Raw data:

::::::

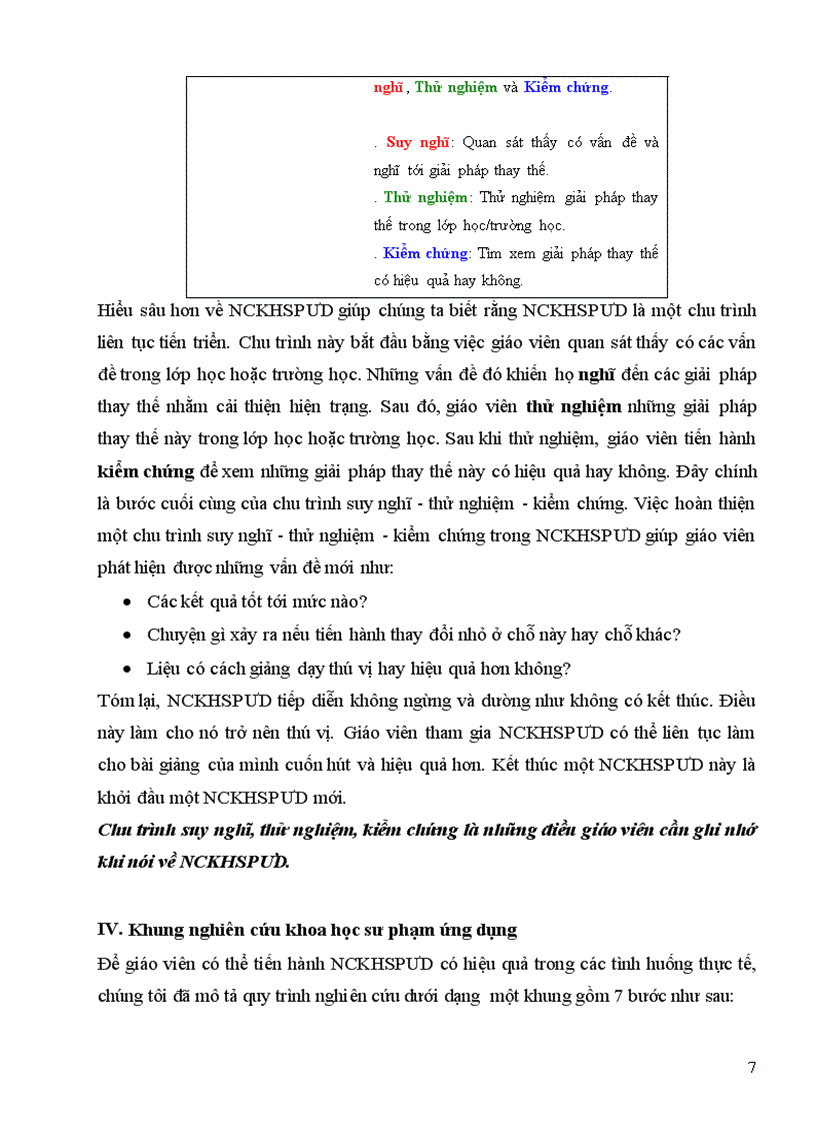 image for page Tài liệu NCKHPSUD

::::::

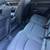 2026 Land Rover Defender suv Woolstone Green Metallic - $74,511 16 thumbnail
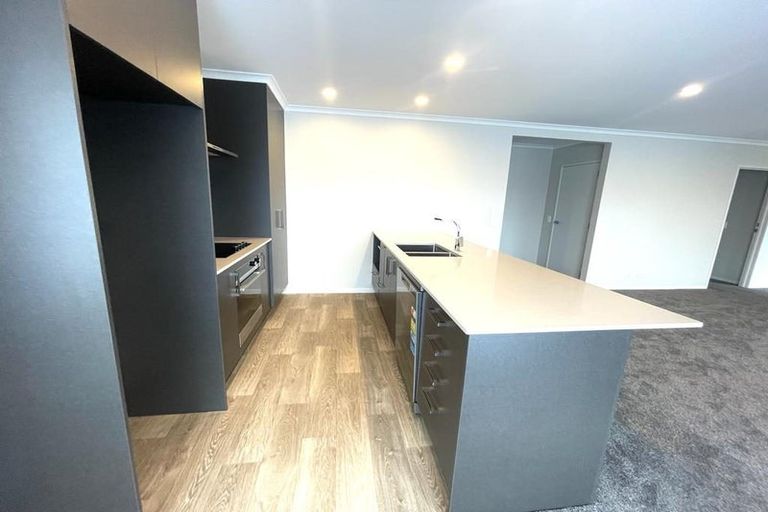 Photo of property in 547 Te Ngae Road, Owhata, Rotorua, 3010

::::::

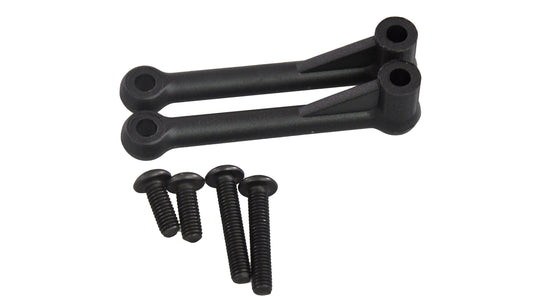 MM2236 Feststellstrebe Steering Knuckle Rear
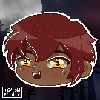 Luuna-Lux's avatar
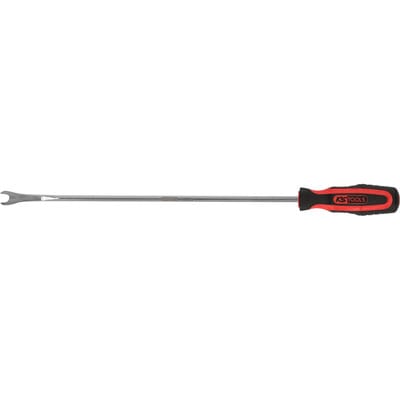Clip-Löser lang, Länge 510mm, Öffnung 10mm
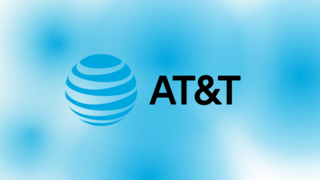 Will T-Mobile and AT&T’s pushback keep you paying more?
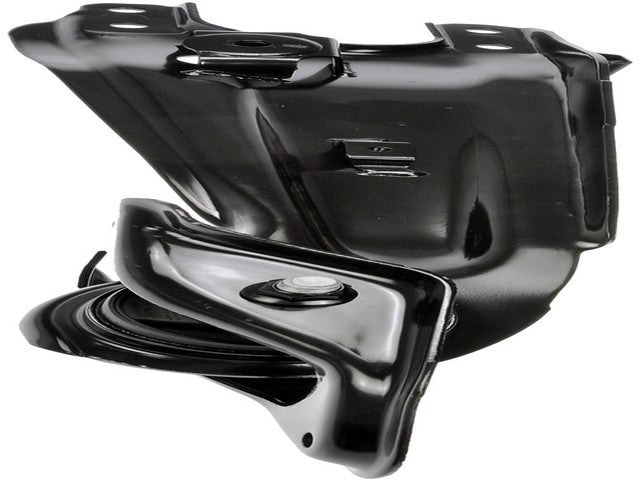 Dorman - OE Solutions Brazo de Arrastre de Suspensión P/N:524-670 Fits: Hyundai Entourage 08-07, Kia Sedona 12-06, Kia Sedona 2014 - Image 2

::::::

Required action: In the listing above, find the line containing "MM2236 Feststellstrebe Steering Knuckle Rear" and the line containing "Dorman - OE". Reproduce those lines and all between them exactly, with no pictures and nothing more.

Solution to the exercise:
 MM2236 Feststellstrebe Steering Knuckle Rear
 Luuna-Lux's avatar
Clip-Löser lang, Länge 510mm, Öffnung 10mm
 Will T-Mobile and AT&T’s pushback keep you paying more?
 Dorman - OE Solutions Brazo de Arrastre de Suspensión P/N:524-670 Fits: Hyundai Entourage 08-07, Kia Sedona 12-06, Kia Sedona 2014 - Image 2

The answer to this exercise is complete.